Work item ->
Copy task, pictures excluded: set down exactly the lines from the one containing "Vector illustration of" to the end of the data below.

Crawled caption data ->
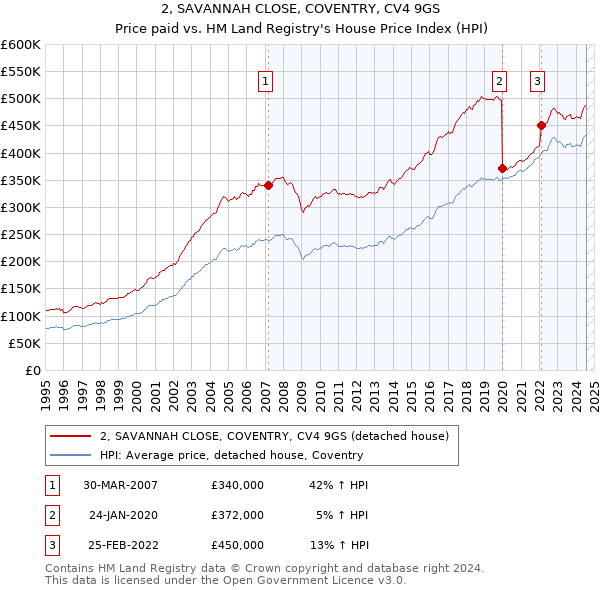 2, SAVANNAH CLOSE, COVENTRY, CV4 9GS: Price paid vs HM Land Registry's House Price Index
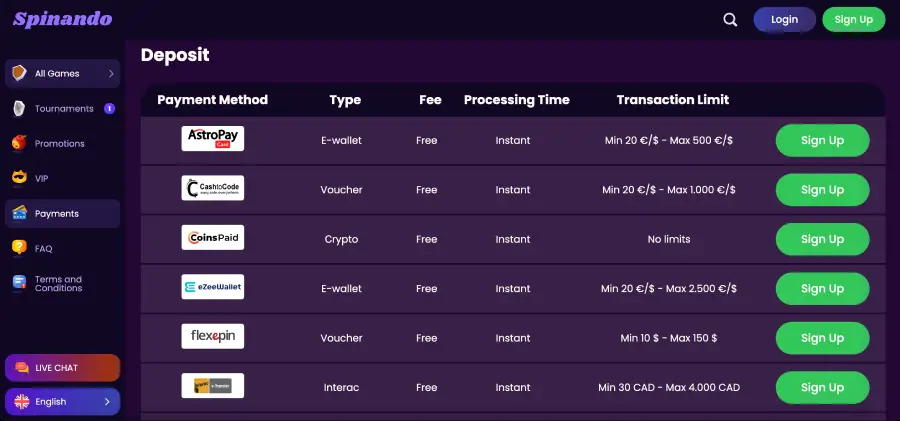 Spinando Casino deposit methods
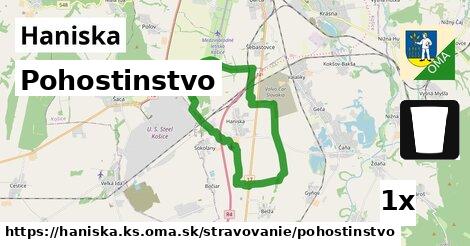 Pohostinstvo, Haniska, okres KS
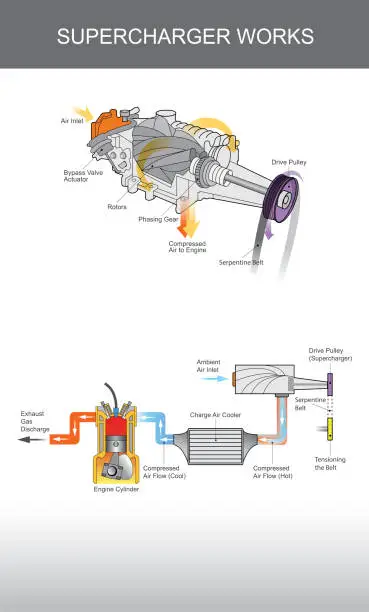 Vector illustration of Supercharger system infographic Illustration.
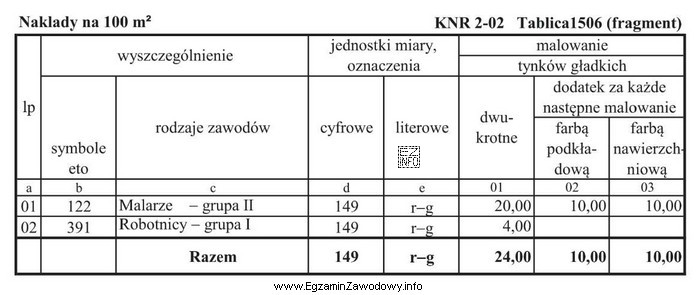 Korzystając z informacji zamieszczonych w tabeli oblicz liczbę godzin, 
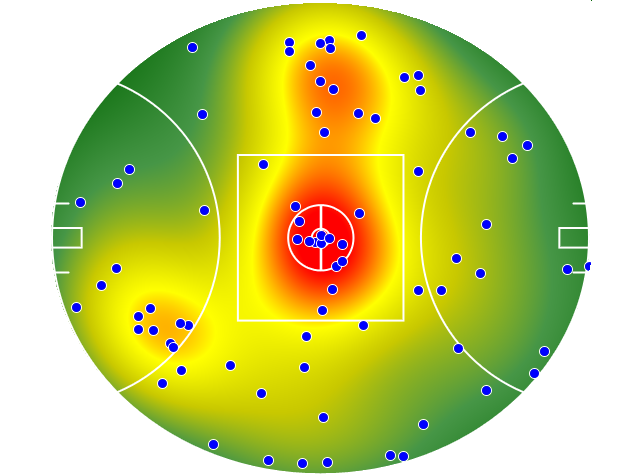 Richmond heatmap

Result ->
 Vector illustration of Supercharger system infographic Illustration.
 Korzystając z informacji zamieszczonych w tabeli oblicz liczbę godzin, 
 Richmond heatmap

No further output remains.